Over time, we’ve seen a shift in what employees value in their compensation package. While the basic salary is still important, many other factors have a large influence on potential employees. So, what are the most important aspects to focus on when developing your compensation package?
To start, we analyzed trends using data from 1996 - 2016 in the SHRM 2016 Employee Benefits Research Report, as well as the LinkedIn 2018 Workplace Learning Report. The data spreads across multiple employee age groups within the past two decades, and was taken from businesses globally, meaning it should be relevant regardless of the country you're hiring from.
While healthcare has long been considered an important factor in a compensation package, wellness plans and benefits have been gaining traction. Over the past two decades, 18 percent of companies have adopted health and wellness programs. These programs can include a wide array of benefits such as insurance support, health savings accounts, and reward-backed goal setting.

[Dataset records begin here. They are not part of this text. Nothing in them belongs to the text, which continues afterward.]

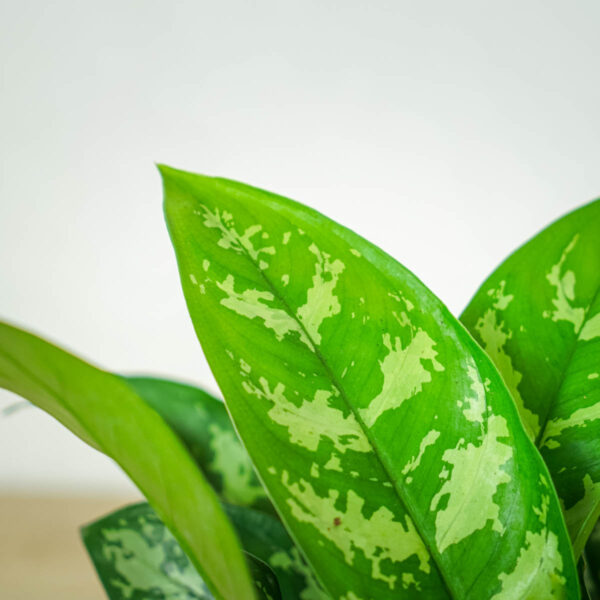 aglaonema-maria aglaonema-maria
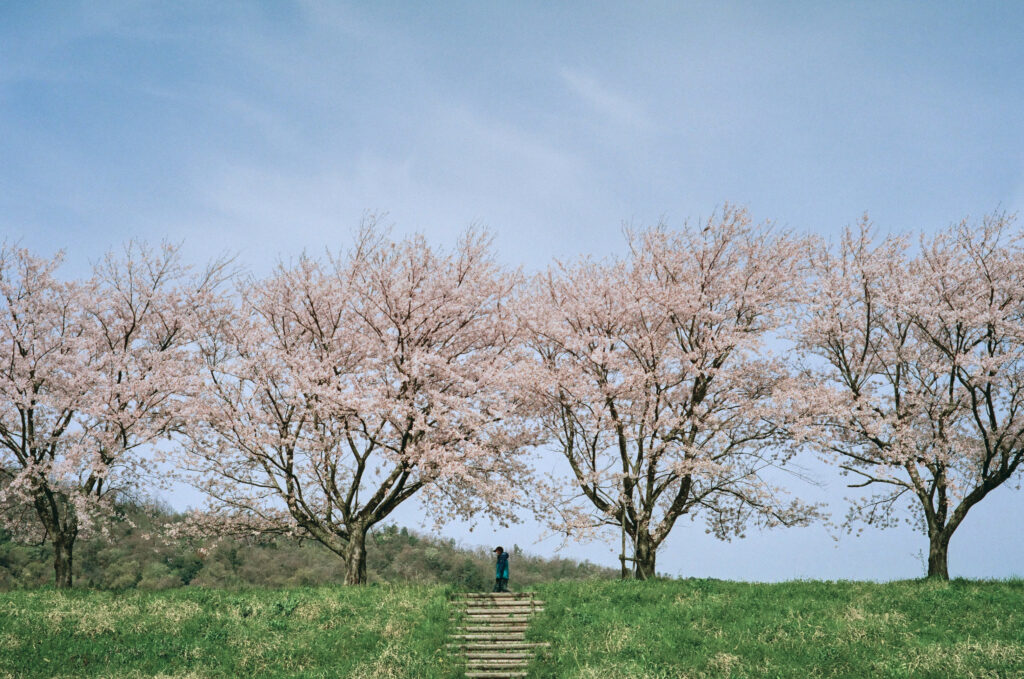 20240415-kodak-gold200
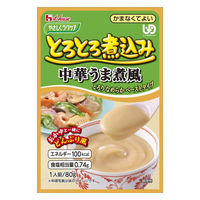 ハウスギャバン やさしくラクケア とろとろ煮込みのレトルト/個/中華うま煮風 520021_3434_22921 1個（直送品）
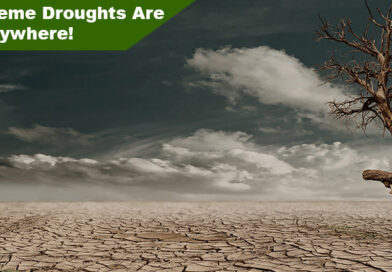 Extreme Droughts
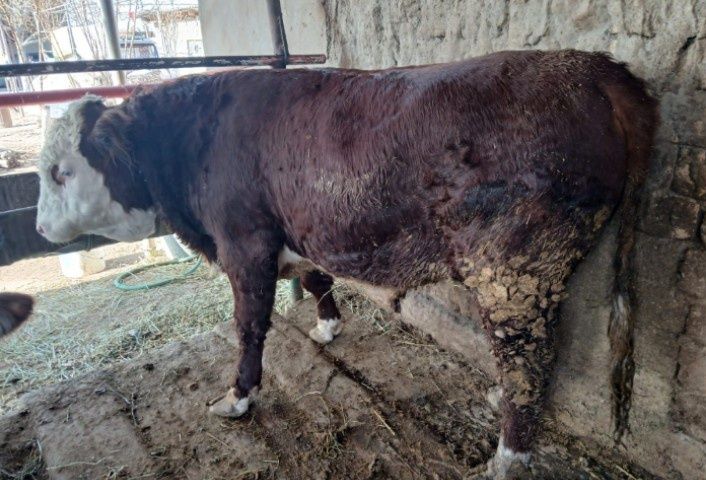 Бұқа семіз бұқа сатылады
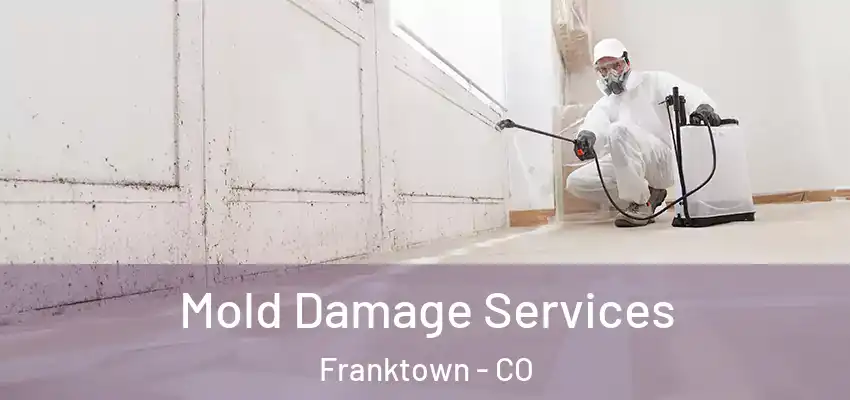 Mold Damage Services Franktown - CO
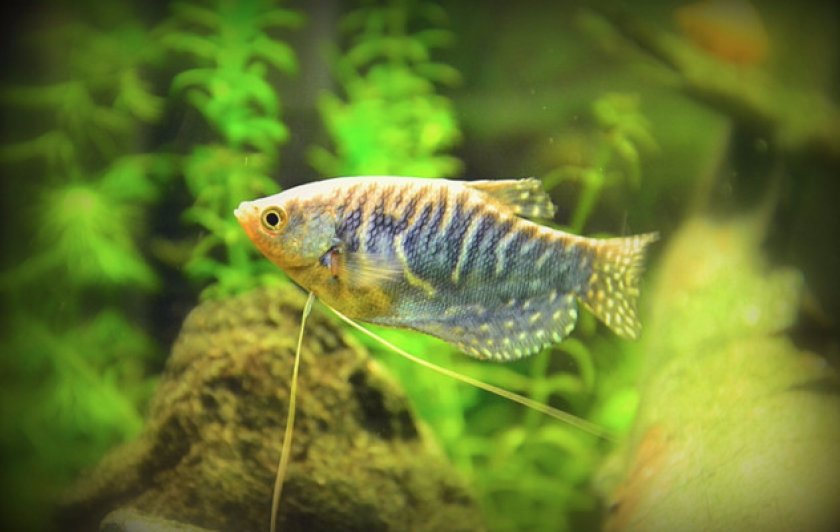 Растительность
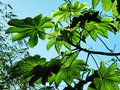 vignette Moraceae - Bois Canon - Cecropia peltata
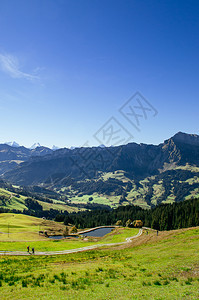 秋天的海山草和马巴切格谷瑞士中部生物圈保护区图片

We’ve also seen a major increase in telecommuting and remote-work opportunities. Since 1996, the percent of companies offering remote options for employees has tripled from 20% to 60%. With the rising value of remote opportunities, it can be an important part of a job’s value proposition.
In the past 20 years, the percent of companies offering to pay for additional training and education for their employees has increased by 11%. And, rightfully so, as the experiences gained from a job is one of the most important factors for many employees.
In fact, a survey by LinkedIn found that “94% of employees would stay at a company longer if it invested in their career.” A lack of career development is the number one reason employees quit their jobs, with over 22% of workers citing it as their reason for leaving. However, if you emphasize career development and employee growth, then employee retention can increase drastically!
Great training leads to greater experiences, but many companies still overlook the training process. Effective training is essential not only to improve employee experience, but also to increase their effectiveness in their job. When coordinating a great training program, it’s important to remember the 4 M’s:
Micro: make it easily digestible, with short segments
Mobile: make it portable and convenient
Memorable: use small games or goals to make the training engaging
Measurable: analyze results to measure training success and continually improve
As industry trends have followed employee values, it’s important to adopt a variety of non-monetary strategies to improve your compensation package. Often the best talent isn’t won over by a small edge in salary, but rather a variety of offerings that improve their quality of life. A better value proposition leads to better talent recruitment, and long-term success that’s well worth the investment. While hiring, we encourage you to streamline your value proposition and focus on the great benefits your company can offer.